YOUR OBJECTIVE => Leave out all images and set down the records exactly as given.

Stored dataset items
-.-.-

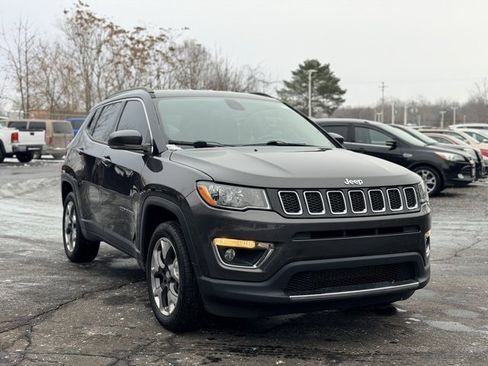 Used 2020 Jeep Compass Limited image 3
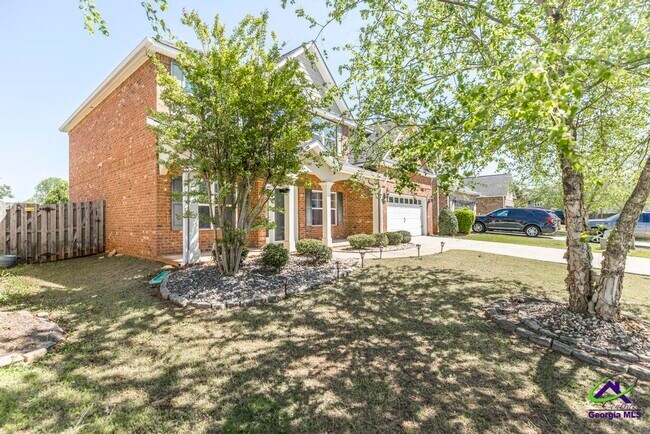 Photo - 105 Regency Ct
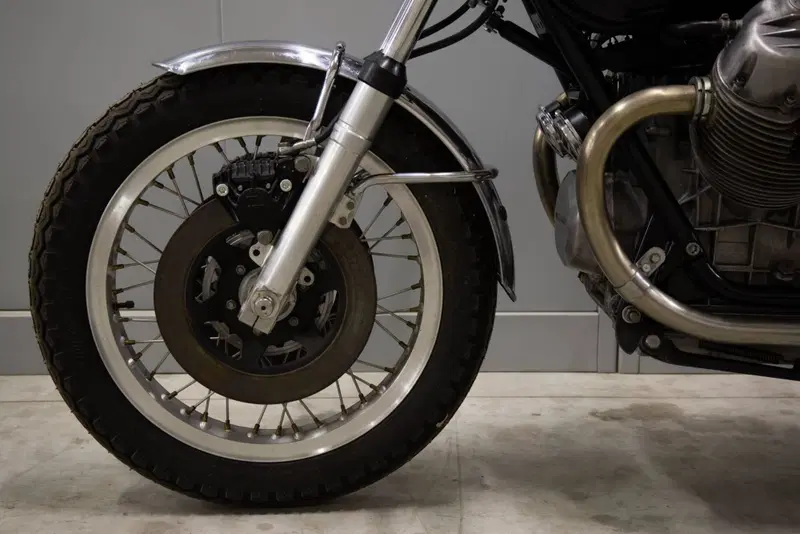 Moto Guzzi V 750 S (7)
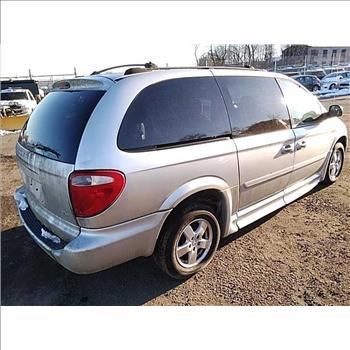 2005 Dodge Grand Caravan SXT (Hartford, CT 06114)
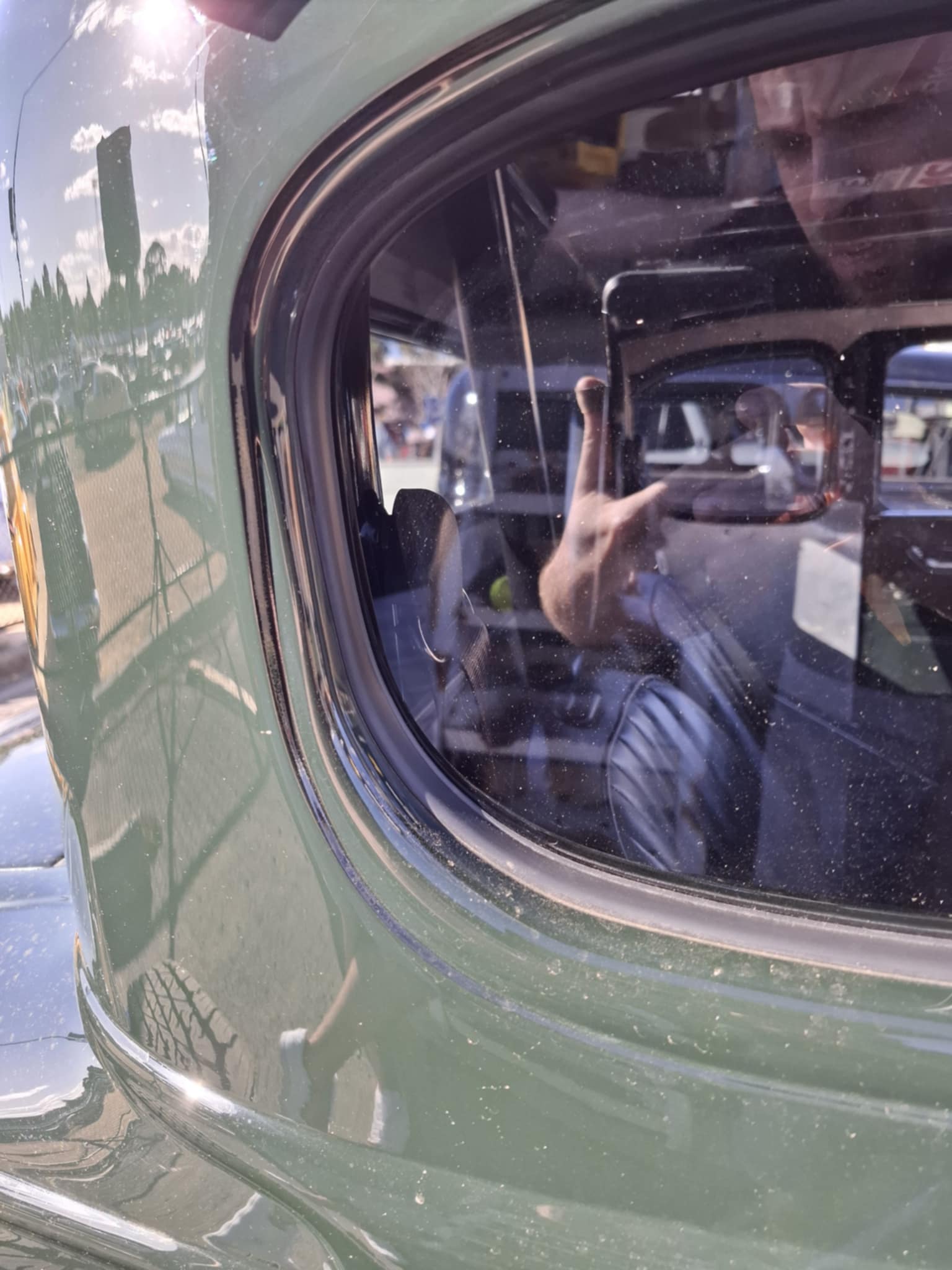 Hot Rod, Model A, 32 Ford, Coupe, Chopped, Rear quarter window and back window rubber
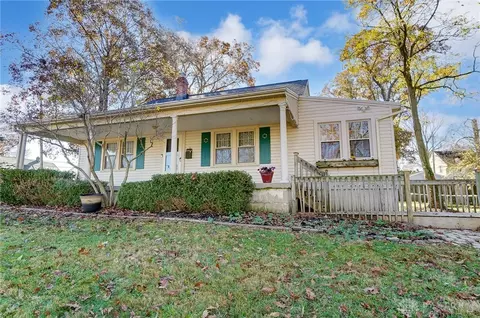 605 S Tanglewood Dr, Springfield, OH 45504 photo 2
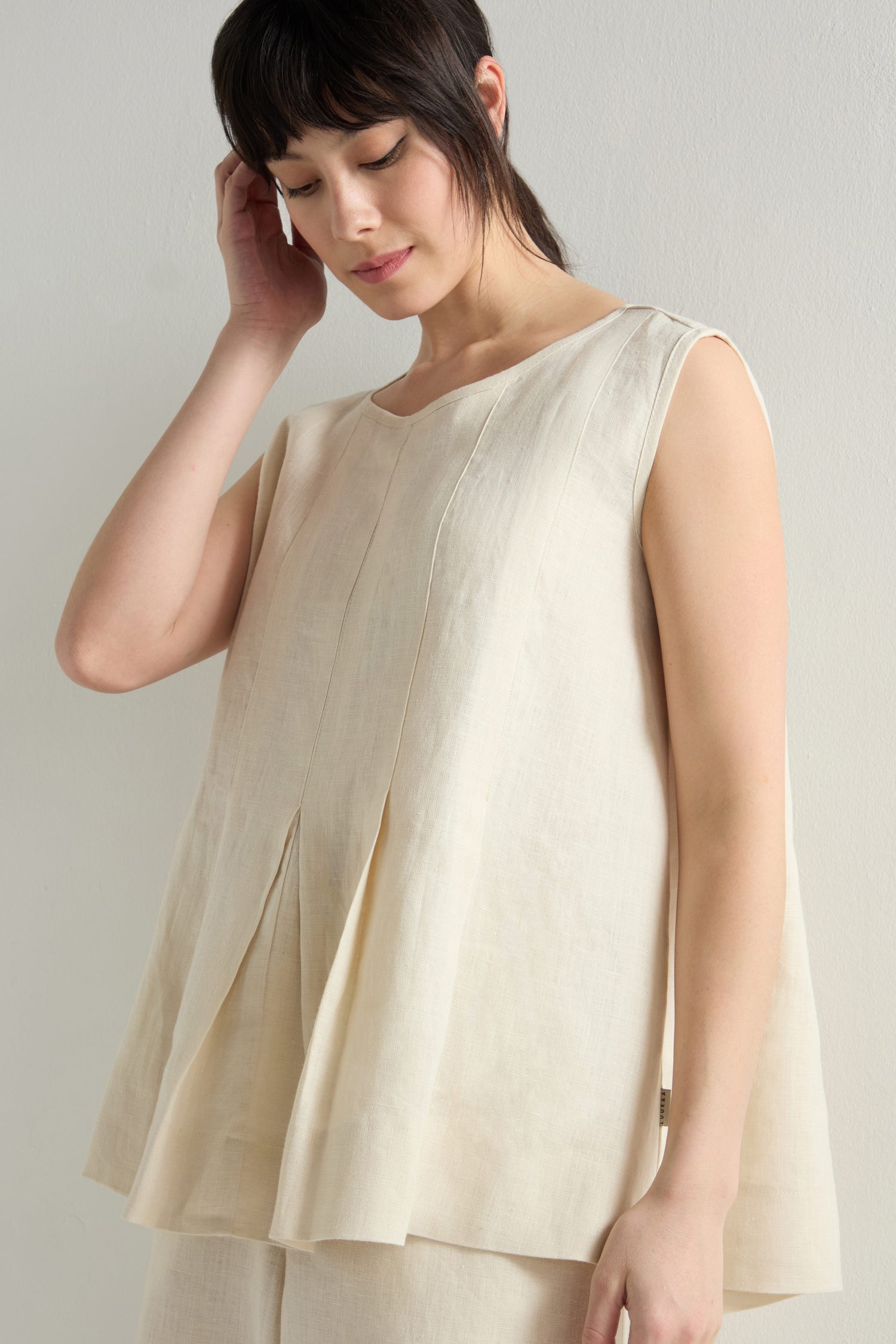 Linen Pleat Vest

-.-.-

SOLUTION TO THIS EXERCISE =>
 Used 2020 Jeep Compass Limited image 3
 Photo - 105 Regency Ct
 Moto Guzzi V 750 S (7)
 2005 Dodge Grand Caravan SXT (Hartford, CT 06114)
 Hot Rod, Model A, 32 Ford, Coupe, Chopped, Rear quarter window and back window rubber
 605 S Tanglewood Dr, Springfield, OH 45504 photo 2
 Linen Pleat Vest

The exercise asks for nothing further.